—“I just don’t trust him.”—Arnold Brunson

You should never trust a thinker. You should only determine the truth or falsehood of his theories.

If you cannot determine that truth or falsehood of his statements two things are occurring: either you lack the knowledge and ability, or the thinker is uninterested in bearing the expense of teaching you sufficient knowledge that you, with your ability, are able to determine the truth or falsehood of the statement.

You must trust a person who has made you a promise, but you falsify an argument. There is no trust involved except in yourself, and your ability to comprehend that argument.

What you mean is that a person does not share your emotional reactions to statements, or agree with your frame of reference. But at every standard deviation of ability we are incompatible, and at every two standard deviations we are incomprehensible to one another.
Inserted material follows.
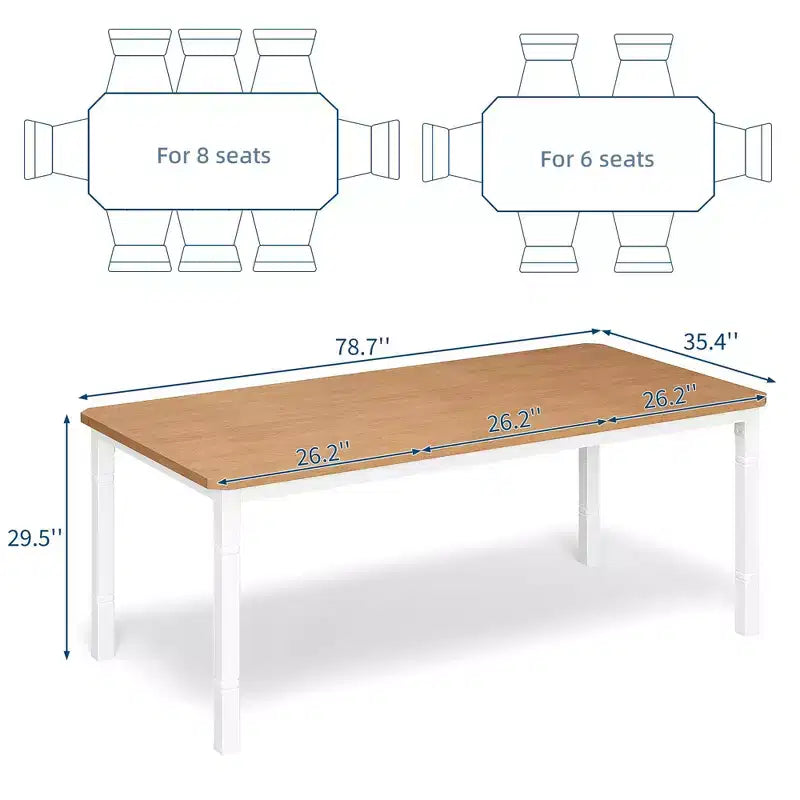 79 Dining Table for 6-8, Modern Rectangular Kitchen Table with Sturdy Metal Legs, Farmhouse Wood Table for Home Office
I don’t pander, which is what you want: someone you feel comfortable controlling you. Instead, I practice the aristocratic strategy of seeking for men who can rise above needing control.

So, I don’t want your trust. I want you to have sufficient agency so that you don’t need to. Because if you need to trust, then you lack the agency to determine the truth or falsehood yourself.

My goal is only to give you that agency. I will only ‘lead’ as a last resort, for having to fail to manufacture by my work, leaders better than I at leading.

That’s the goal of western civilization: men who develop agency sufficient to insure one another and police the private and common. We created the only civilization that industrialized the development of agency regardless of rank. Every other did not – although the chinese did try at least for the bureaucratic class.

So understand my arguments or don’t. But don’t trust me. It means you have failed – and so have I.

And if you must trust, you deserve the fate those you trust deliver unto you – which so far, it appears, you have chosen poorly.